Preferably the characteristic noise map is made available by an external device. The characteristic noise map, in other words, is stored outside the hearing aid and in an external device. The external device is preferably a server or a smart phone. An external device has, in particular, the advantage that it has significantly more storage space than the hearing aid and, in addition, has a higher computing capacity and also a more extensive energy supply. In this way the hearing aid is relieved of load in the sense of storage space and energy consumption. In a first variant, the external device serves only as storage for one or more characteristic noise maps, and then transmits this/these to the hearing aid. The transmission takes place, in particular, when required, for example when entering the location whose characteristic noise map is thereupon transferred. A restaurant, for example, holds a characteristic noise map ready on its own server, and transmits this to users as soon as they enter the restaurant. A cloud solution with a centralized server which then keeps characteristic noise maps for a plurality of locations saved, is also suitable. Multiple users in particular can then, when required, request the respectively required characteristic noise map from the server. For this purpose, the hearing aid is, for example, connected to the server immediately via the Internet, or indirectly, e.g. via a smart phone. In this way it is, in addition, also advantageously possible for the user, through reference in advance to the characteristic noise maps, to determine such locations as are particularly quiet or which meet other, user-specific requirements.

An external device that is connected for data exchange to the hearing aid is appropriately used to determine the location, to determine the time, to recognize the current noise situation or for a combination of these. The external device is, in particular, the above-described external device. To determine the noise situation on the basis of a characteristic noise map that is stored, saved or made available on an external device, it is appropriate either for the characteristic noise map to be conveyed to the hearing aid, or for the time and location to be conveyed to the external device and for this then to determine the current noise situation and convey this to the hearing aid.
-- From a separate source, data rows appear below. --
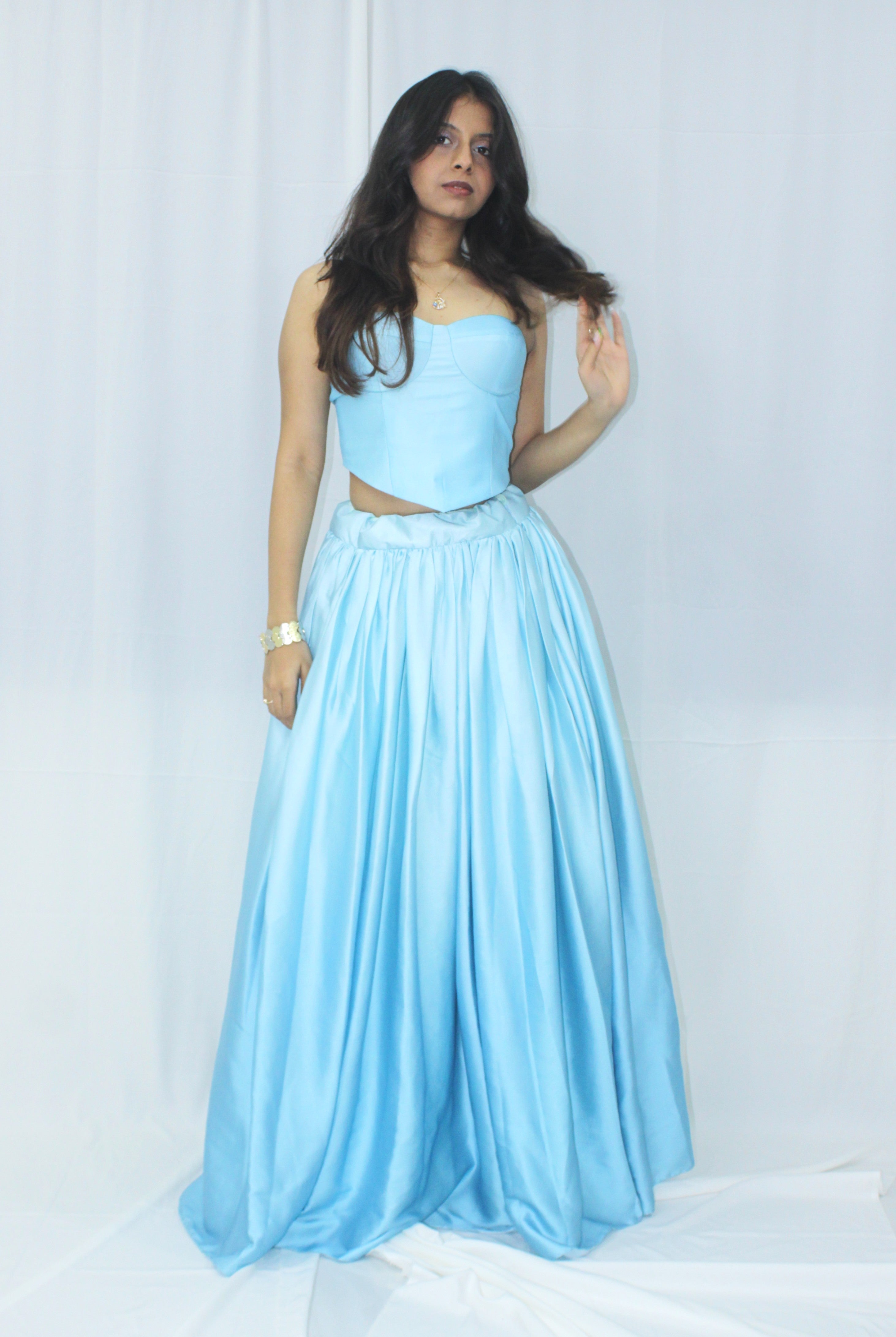 Lume Corset - Sky Blue Satin Corset Set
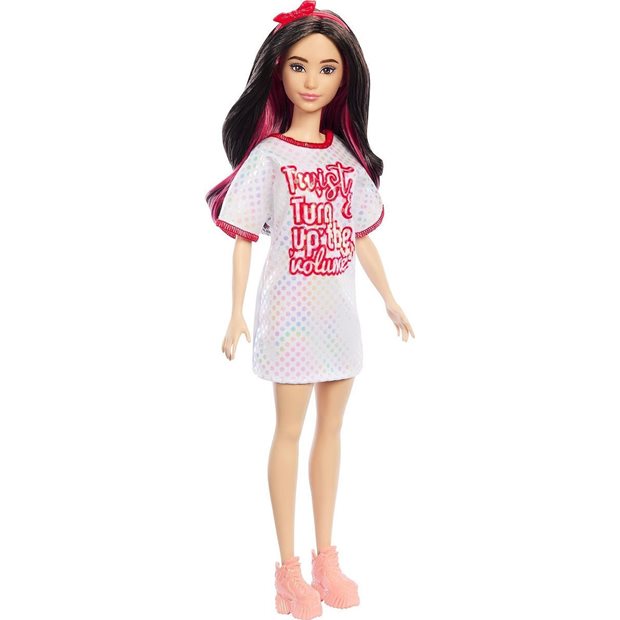 Barbie Fashionistas Black Wavy Hair With Twist ‘n’ Turn Dress No 214 – HRH12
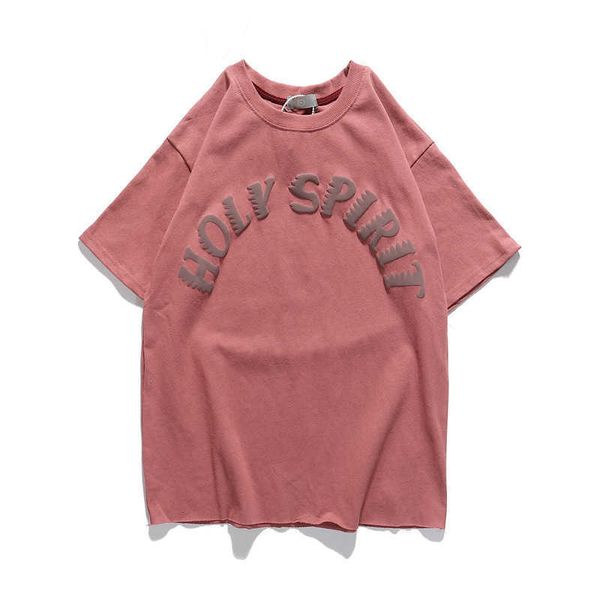

men's t-shirts 3d foam letter print short sleeve hip hop t-shirt men and women o neck streetwear cotton harajuku loose casual tshirt t2, White;black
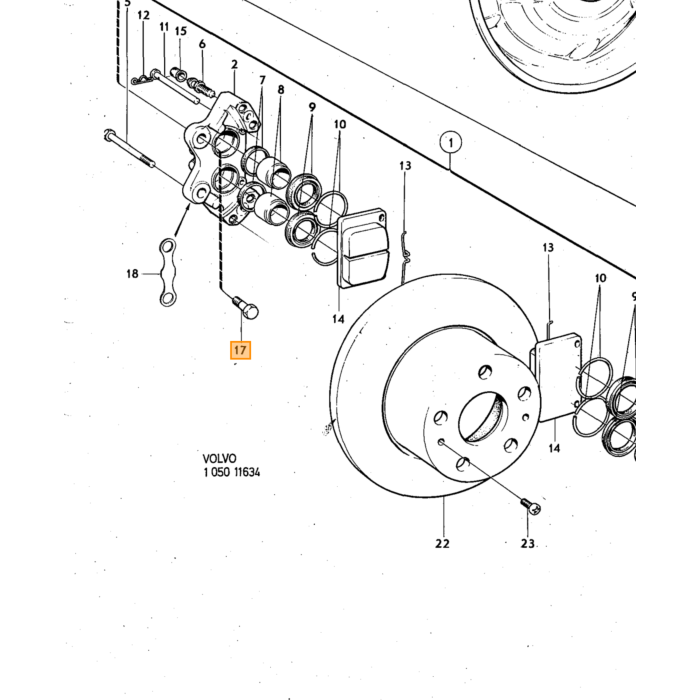 Volvo Bout remklauw Amazon B20+140+164 voor unf 1/2-20 X 1-1/4inch 32mm Volvo onderdeel nr 943506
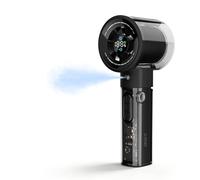 G-STORY Ventilador Nebulizador turbo portátil, 1-100 Velocidades Ajustables, 4000mAh Batería Recargable con pantalla digital,Depósito de agua nebulizada de 45ml, para Viajes, Oficina, Exterior(Negro)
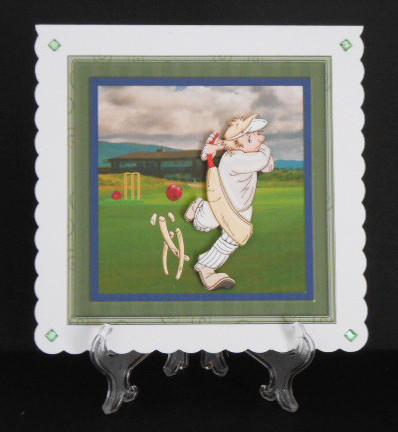 A Game of Cricket 7x7 Card with Decoupage by Joan Prince
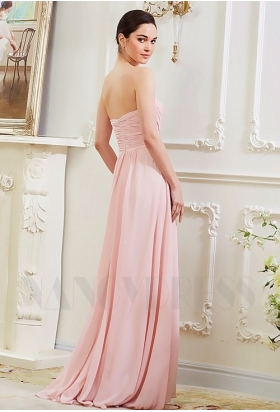 robe de soirée rose long H009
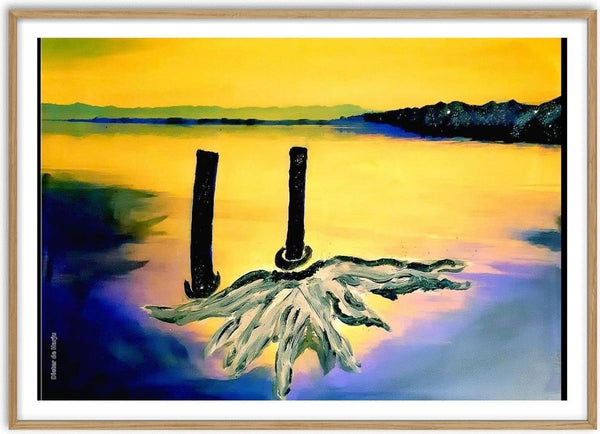 VERLORENE FLÜGEL BEI ZWEI PFÄHLEN IM SEE by Dieter de Harju - two black posts and a pale wing on a yellow lake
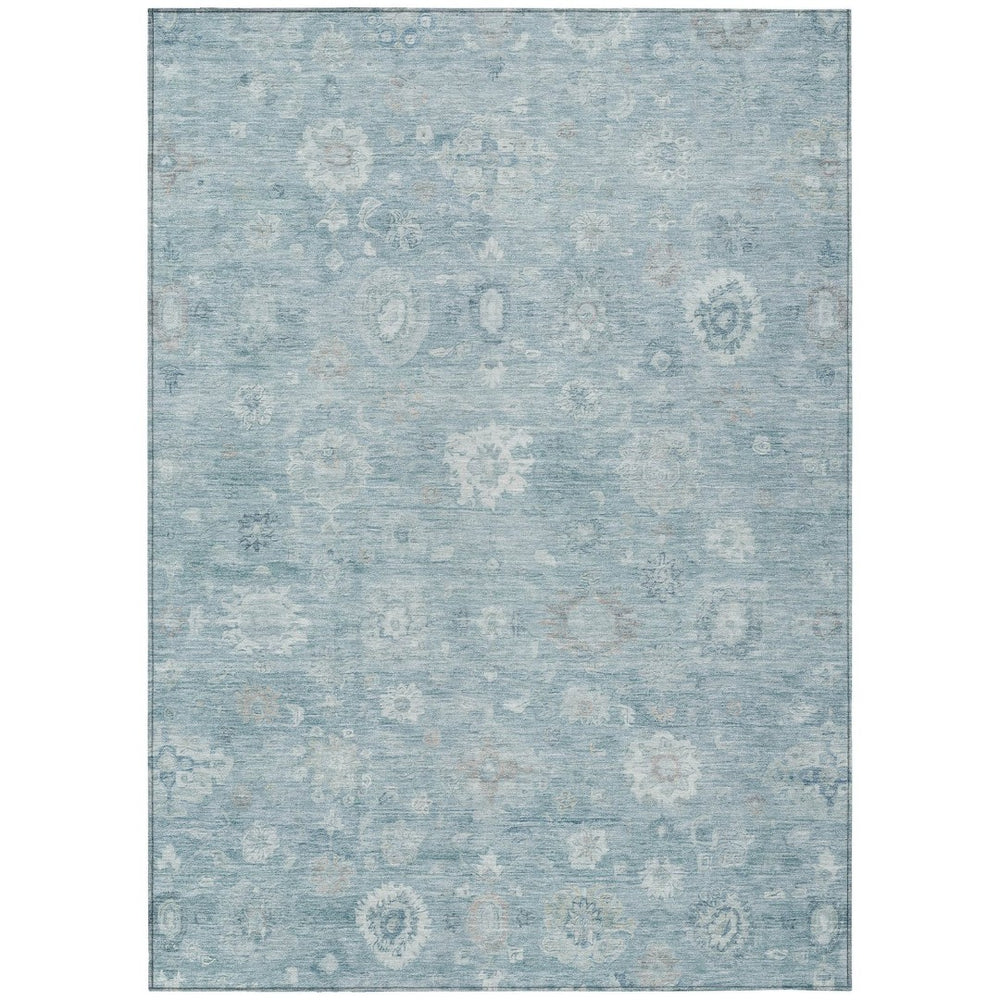 HomeRoots 9' X 12' Blue Ivory Gray Damask Indoor Outdoor Area Rug - Elegant, Washable, Durable & Versatile! 620429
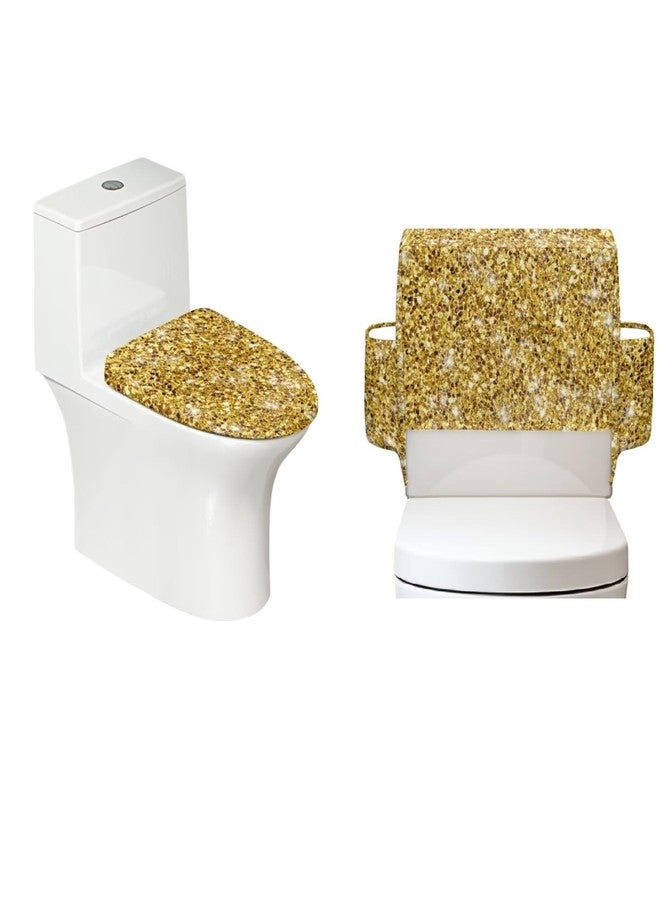 غطاءان لخزان المرحاض من Noprintge Bling Gold Print، قطعتان، قابلان لإعادة الاستخدام، مناسبان للمراحيض الطويلة والمستديرة والمستطيلة والبيضاوية. - Image 1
As described above, the external device is, in particular, a smart phone, particularly for determining the location. Alternatively or in addition, the external device is a server. Such a device is particularly suitable for determining the time and for recognizing the noise situation.

The characteristic noise map is, in particular, determined in advance, for example by the user, in that said user regularly determines the noise situation with his hearing aid, particularly using a noise analysis as explained above, and that this noise situation is then provided with a location stamp and a timestamp, and is saved. This is expediently performed automatically by the hearing aid. A plurality of such measurements are then combined into a characteristic noise map, and are available for a later call-up.

In general, the noise situation is stored in the characteristic noise map. In general the noise situation is stored in the form of a situation parameter dependent on location and time. Put more precisely, multiple values of the situation parameter at different locations and at different times, i.e. depending on location and time, are saved in the characteristic noise map. In particular, precisely one value is saved for a given location and a given time. The characteristic noise map thus contains a specific parameter that is relevant to the selection of the optimum program. The noise situation is then determined in that the location and time are first determined, after which the situation parameter is consulted in the characteristic noise map depending on the location and time, and then, on the basis of the situation parameter, the noise situation is determined. Accordingly, the noise situation is then also parameterized depending on location and time.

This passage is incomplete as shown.